VV à 925 hPa (à gauche) et vent moyen à 900 hPa (à droite). Run WRF 8 km du 27.02.2014 18Z.
Si une tornade est parvenue à se former dans ce contexte, c’est également grâce à la présence d’une très forte hélicité dans les basses couches de l’atmosphère à l’avant immédiat du front froid. On note ainsi des valeurs critiques, autant pour la SRH 0-1 km (ci-dessous à gauche) que pour la SRH 0-3 km (ci-dessous à droite).
SRH 0-1 km (à gauche) et SRH 0-3 km (à droite). Run WRF 8 km du 27.02.2014 18Z.

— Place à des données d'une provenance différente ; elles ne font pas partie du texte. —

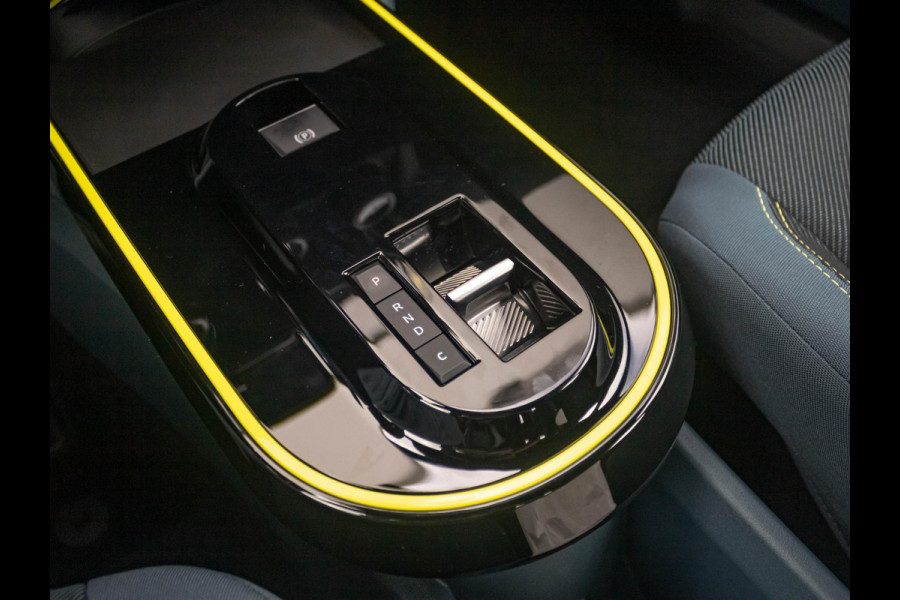 Fiat Grande Panda Red 11 kW 44 kWh | Airco | Cruise | Apple Carplay | 16" | PDC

Ces très forts cisaillements modélisés par le modèle WRF 8 km France sont cohérents avec le radiosondage effectué à Bordeaux quelques heures plus tôt (28 février à 01h locales ; voir ci-dessous). En l’occurrence, ce dernier présente un profil instable, doté d’une MUCAPE / SBCAPE de 156 J/kg, avec MLLCL à 700 mètres d’altitude et niveau d’équilibre à 4.460 mètres. Les cisaillements profonds sont marqués (31 m/s sur l’épaisseur 0-6 km), et l’hélicité relative est forte en basses couches : la SRH 0-1 km atteint 226 m²/s² et la SRH 0-3 km dépasse 320 m²/s².
L’hodographe est étiré et crocheté, typique des contextes propices aux structures convectives linéaires avec potentiel local de phénomène tourbillonnaire.
Profil vertical et hodographe issus du radiosondage de Bordeaux, le 28 février 2014 à 01h locales.